Dave reminds me...
The objective of some of the POSIX statements about symlinks was to
permit a "fast symlink" implementation where the symlinks did not appear
as inodes in the filesystem at all, but rather were "smart" directory
entries.
If a symlink has a link count (and thus can be the target of a hard
link) (or protections, or...) then "fast symlinks" become harder
(effectively impractical), and it dictates that symlinks be implemented
as inodes.
The old Apollo system did this, and I believe that there was at least
one other (I never knew if it went public) implementation.

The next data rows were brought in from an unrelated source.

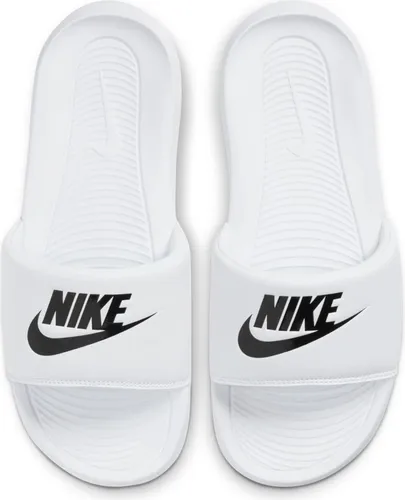 Nike Damen Victori One Slide Sandal, Weiß/Schwarz, 44.5 EU - Bequeme Gummipantoffeln mit Schaumstoff-Zwischensohle für optimalen Komfort. Ideal für Alltag und Freizeit, vereinen sie stilvolles Design mit hochwertigen Materialien für Langlebigkeit und Leichtigkeit.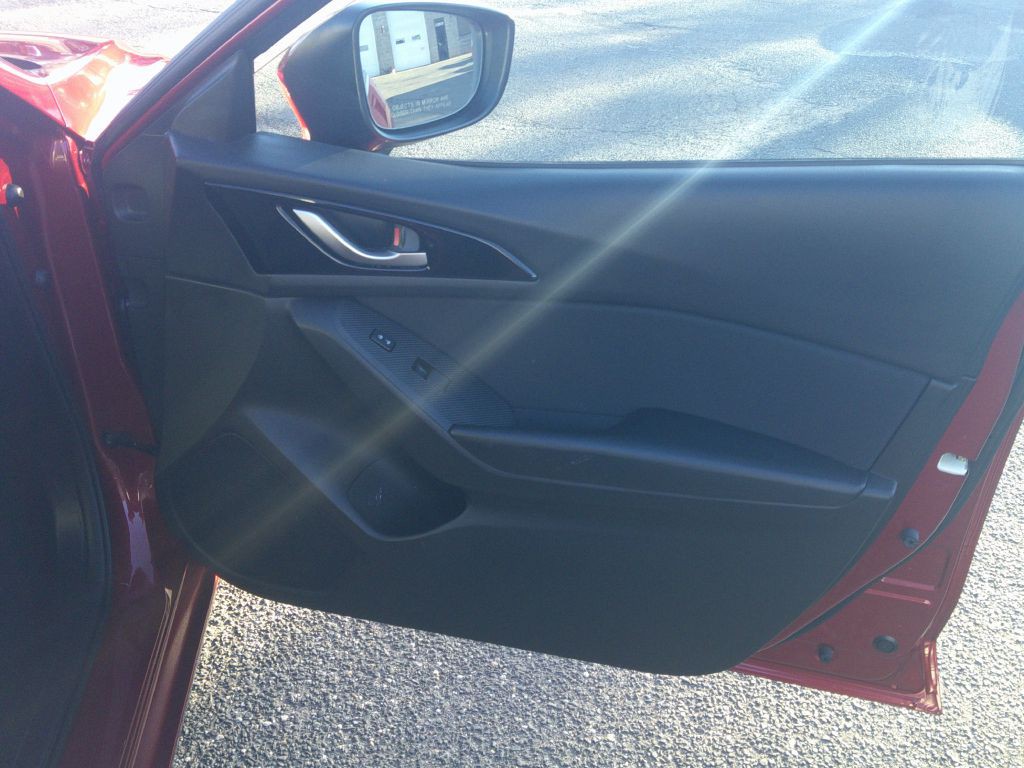2016 Mazda Mazda3 Image 9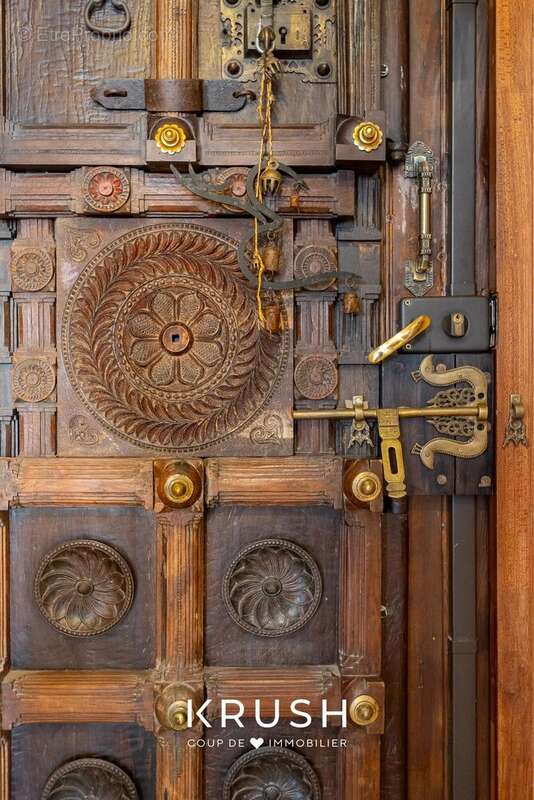 Commerce à MARSEILLE-4E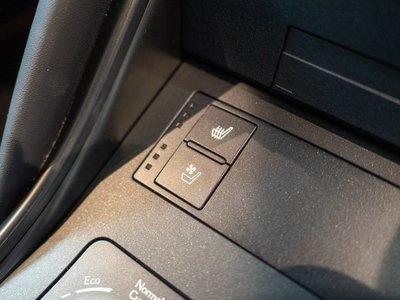 2021 Lexus IS photo 12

As I remember, the decision was made back then to allow implementations
to support "fast symlinks". That decision is what's being revisited
now, but apparently without considering "fast symlinks" explicitly.
Donn
-----Original Message-----
From: David Korn [mailto:yyy@xxxxxxxxxxxxxxxx]
Sent: Thursday, March 17, 2005 6:38 AM
To: yyyyyyyyyyyyyy@xxxxxxxxxxxxx
Subject: Re: Re: link(2) and symlinks
Back in the mid eighties when BSD has symlinks and System V didn't,
I modified added symlinks to a SVR3 kernel. Unlike the BSD
version, I had link no follow symlinks so that the reference
count on the symlink would be incremented. Thus, link() and unlink()
were the exceptions to follow. This more symmetrical behavior
allowed programs that used link()/unlink() to rename a file
to continue to work. There were some other nicer benefits
as well which I can't remember.
I tried to sell this idea to developers of SVR4 but they felt
that compatibility with BSD was more important.
I presented my views on this at POSIX meetings when symlinks()
were discussed but arguments they were not adopted.
One argument against this way was that it required a symlink
to have a reference count. POSIX did not want to require that
a symlink have any lstat() attribute other than a size.